After facing death, a busker's mission to fill a void in old folks' lives with joy
Mr Jack Tan has been making music since his younger days, but it was only when he thought his days were numbered that he found a higher purpose for his passion.
SINGAPORE: It is quiet, almost sombre, in the wards of the nursing home moments before Mr Jack Tan arrives. And it seems as if the only reception he will get would be the impassive faces of the patients.
But that is before the transformation begins. That is why the 56-year-old is there. That is his thing.
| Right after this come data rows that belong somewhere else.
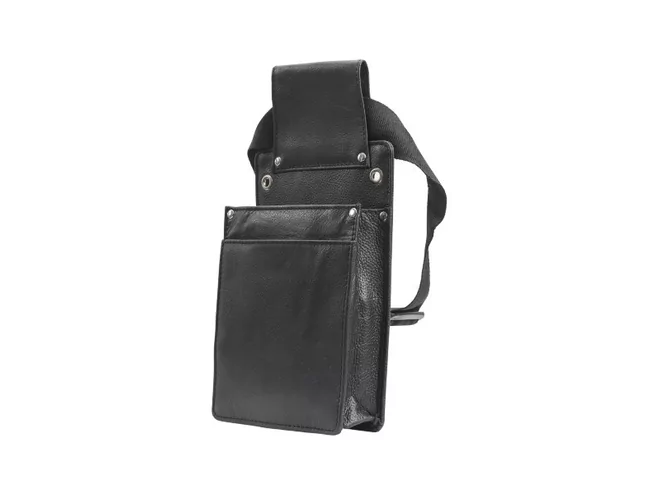 Holster leder zwart 2 vakken + riem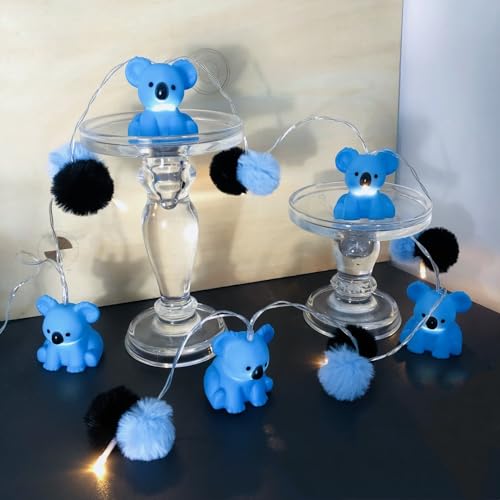 LED String Light with Pom Poms & Painted Cartoon Animals Koala Blue 1.65m 10 LEDs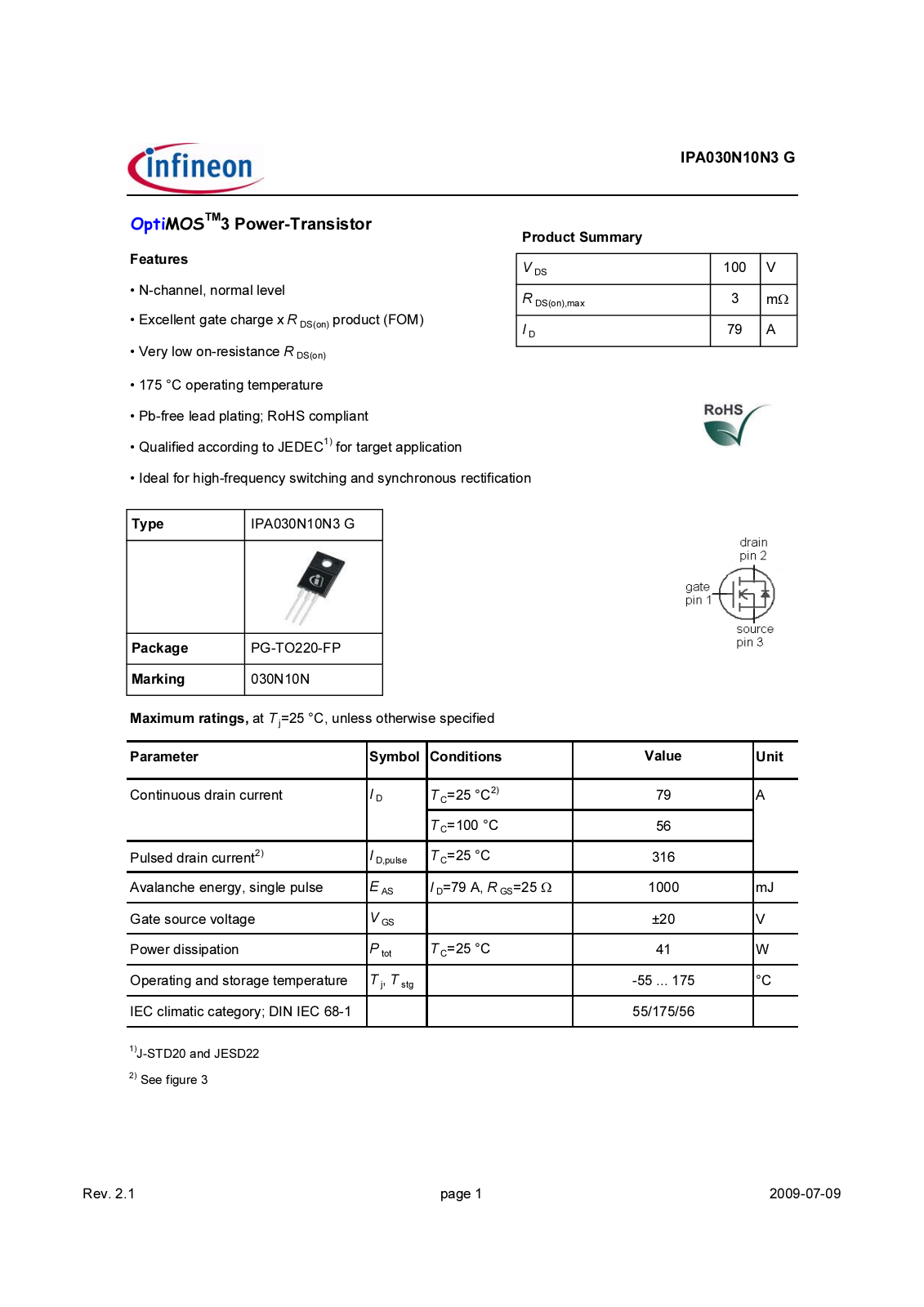 Datasheet ipa030n10n3g_rev2.1 Datasheet - ManualMachine.com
Once his equipment is set up and he starts on his electronic wind instrument, a range of emotions ripple through the three wards of the Lee Ah Mooi Old Age Home.
Resident Lilian Khoo, who is usually depressed and moody, is on her feet and dancing to the oldies he is playing for them.
"I've never seen her as happy as I've seen her today," says Mr Richard Then, the third son of the late Mdm Lee Ah Mooi.
Mdm Khoo is not the only one in smiles. Others are singing and clapping. One resident, however, is gripping Mr Then's hand instead – and crying.
Mr Tan knows his target audience well. Earlier, he told CNA Insider what to expect:
In the beginning, they'll ignore you. Some will start to love your music, some will dance along, some will sing along, some will cry.
Even a bedridden resident is responding to the music, moving his hands and feet. Mr Tan has seen this before as well, including among those on intravenous drip.
His music has even brought tears out of patients in coma, which in one instance, he was told, came as a final relief before death.
The irony is that his decision to bring joy to others came about after he was faced with the prospect of his own death five years ago, and which he narrowly avoided last year.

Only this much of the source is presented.